Thursday, November 21, 2013

#1,193. Simon (1980)

Directed By: Marshall Brickman

Starring: Alan Arkin, Madeline Kahn, Austin Pendleton

Tag line: "He loves you. Do what he says"

Trivia: Alan Arkin was nominated for Best Actor by the Academy of Science Fiction, Fantasy & Horror Films

I was anxious to watch Simon again, which I first saw on cable a few years after its initial release. At that time, I had no idea what to make of this curious sci-fi / comedy. I remember not everyone in my family appreciated its quirky nature (my father walked out in the middle of it, calling the movie “stupid as hell”), yet there was something about Simon that I found oddly appealing. Would I have the same reaction to it now?

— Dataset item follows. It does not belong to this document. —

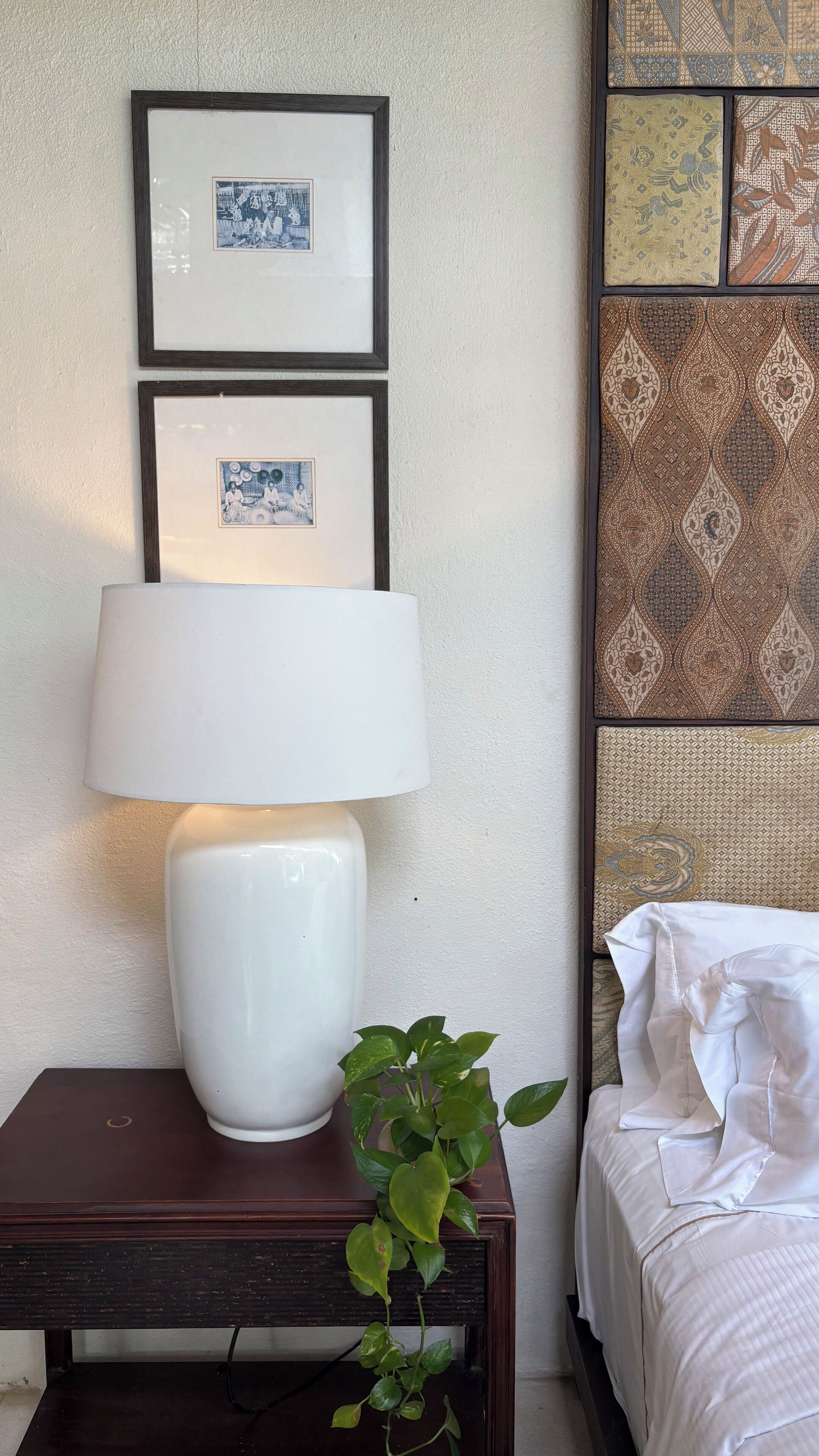 A neatly arranged hotel room with a bedside table, a lamp, a potted plant, and a bed with white linens.
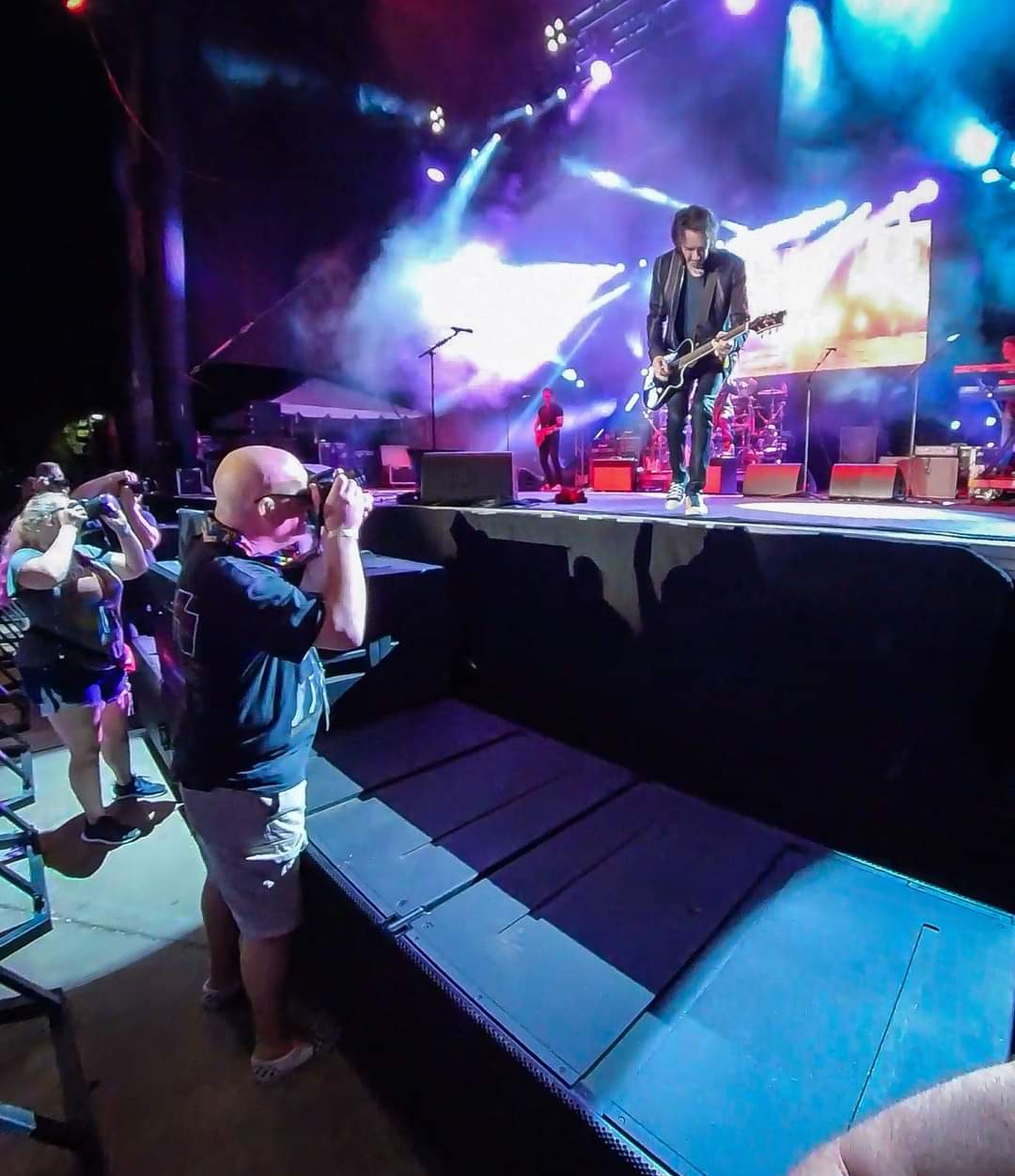Musician performing on stage with colorful lights, audience taking photos, and children watching nearby.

Directed by longtime Woody Allen collaborator Marshall Brickman, Simon stars Alan Arkin as Simon Mendelssohn, a University psychology professor with a strange outlook on life. He soon becomes the subject of a very unusual experiment conducted by five of the world’s sharpest minds, all working together at a secret Government facility. In short, they want to convince Simon he’s an alien, a being from another world. With the help of Cynthia Mallory (Madeline Kahn), an actress posing as Simon’s new “assistant”, the experiment is a rousing success, but with one small hiccup: the “alien” Simon now believes he’s a modern-day prophet, sent to earth to set mankind on the straight and narrow path. His longtime girlfriend, Lisa (Judy Graubert), is brought in to talk some sense into Simon, but can she show him the error of his ways before the Government “liquidates” the experiment, and Simon right along with it?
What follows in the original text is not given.